Esto era lo primero que recordaba Sweets, es decir, no con sus nervios y tejidos que nada podían olvidar, sino con el sitio de detrás-de-la-nariz, donde tenía ahora una nueva conciencia: el laboratorio de un centro de investigación. La ineluctable y dolorosa blancura de la luz fluorescente. Las brillantes tiras metálicas que lo sujetaban. La picazón de la cabeza afeitada en el lugar donde le implantaron los electrodos. Las manos fuertes, desinfectadas e indiferentes de la mujer negra que lo puso en libertad, después de que despertó, permitiendo que caminara, envarada y torpemente como un cachorro, hacia los brazos de la nueva ama.
—Sweets
[2]
—le dijo—, Sweets, Sweets, Sweets, ven con tu madre.
Los experimentos para los que habían empleado a Sweets tenían como propósito mejorar las funciones del lóbulo frontal. El resultado se consideró un fracaso. Nadie era capaz de interpretar el electroencefalograma de Sweets; en cualquier caso, nadie confiaba ya en un electroencefalograma, y Sweets no se había desempeñado significativamente en ninguno de los tests creados para él. Aparentemente, no había habido ninguna mejora funcional, ni un aumento de la inteligencia eidética. Toda esa línea de investigación fue abandonada, como un error. Y Sweets, sin tener idea de lo que se proponían, y de que le habían cambiado no el alma —que había heredado de su madre, la ovejera gris, y de su padre, un perro callejero con un solo ojo— pero sí la mente, no habría pensado en decirles que había despertado, aunque hubiera sabido hablar. Se limitó a mover la cola frenéticamente ante su ama, una científica que lo adoptó después del experimento. A ella entregó Sweets una gran parte del amor que aún le quedaba.

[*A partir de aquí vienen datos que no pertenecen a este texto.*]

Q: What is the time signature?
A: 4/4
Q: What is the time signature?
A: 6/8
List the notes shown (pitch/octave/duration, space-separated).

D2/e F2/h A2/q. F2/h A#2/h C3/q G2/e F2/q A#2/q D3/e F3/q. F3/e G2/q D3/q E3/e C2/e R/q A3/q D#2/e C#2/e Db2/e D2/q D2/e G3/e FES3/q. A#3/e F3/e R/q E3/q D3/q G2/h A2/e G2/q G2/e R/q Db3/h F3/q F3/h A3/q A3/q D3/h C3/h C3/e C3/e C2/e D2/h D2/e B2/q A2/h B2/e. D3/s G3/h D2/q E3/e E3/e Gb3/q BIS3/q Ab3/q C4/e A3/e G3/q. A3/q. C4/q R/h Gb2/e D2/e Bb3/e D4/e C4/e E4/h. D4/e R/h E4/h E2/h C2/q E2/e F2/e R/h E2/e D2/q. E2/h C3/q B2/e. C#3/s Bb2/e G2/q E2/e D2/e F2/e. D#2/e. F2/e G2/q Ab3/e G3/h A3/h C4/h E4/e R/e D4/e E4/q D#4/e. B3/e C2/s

La unión de los hombres y los perros había llevado siglos, hasta que los perros aceptaron a los hombres como si pertenecieran a la manada. En la ciudad, esa unión se deshizo en una sola década.
Era justo que las especies que habían optado por compartir el destino del hombre de las ciudades —los perros, los gatos, las ratas, las cucarachas, compartieran también su tragedia, como siempre habían hecho; los perros, voluntariamente; los gatos, con aires de reproche; el resto a ciegas, pero habían muerto de hambre, habían sido bombardeados, quemados, sacrificados a las carencias y a las ciencias de los hombres junto con los hombres. Pero éstos habían cambiado rápidamente mucho más que sus especies compañeras. Las ratas, que con tanta precisión se ajustaban a las sucias costumbres ciudadanas y que contaban con la pereza de los hombres, habían sido bruscamente derrotadas por el ingenio humano, y habían desaparecido casi del todo: sólo ahora, cuando el hombre perdía el dominio del Mundo, y lo olvidaba a causa de la lucha mental que sólo él es capaz de emprender, las ratas habían empezado a regresar, en escala pequeña; Sweets y su manada lo sabían, porque les daban caza. Los gatos se habían dividido en dos clases a causa de la declinación de las ratas: una de delicados eunucos que se alimentaban de animales veinte veces más grandes, engordados para ellos y cortados en ordenados trocitos, y otra, mayor, de proscriptos que morían de hambre o helados o envenenados, a millares.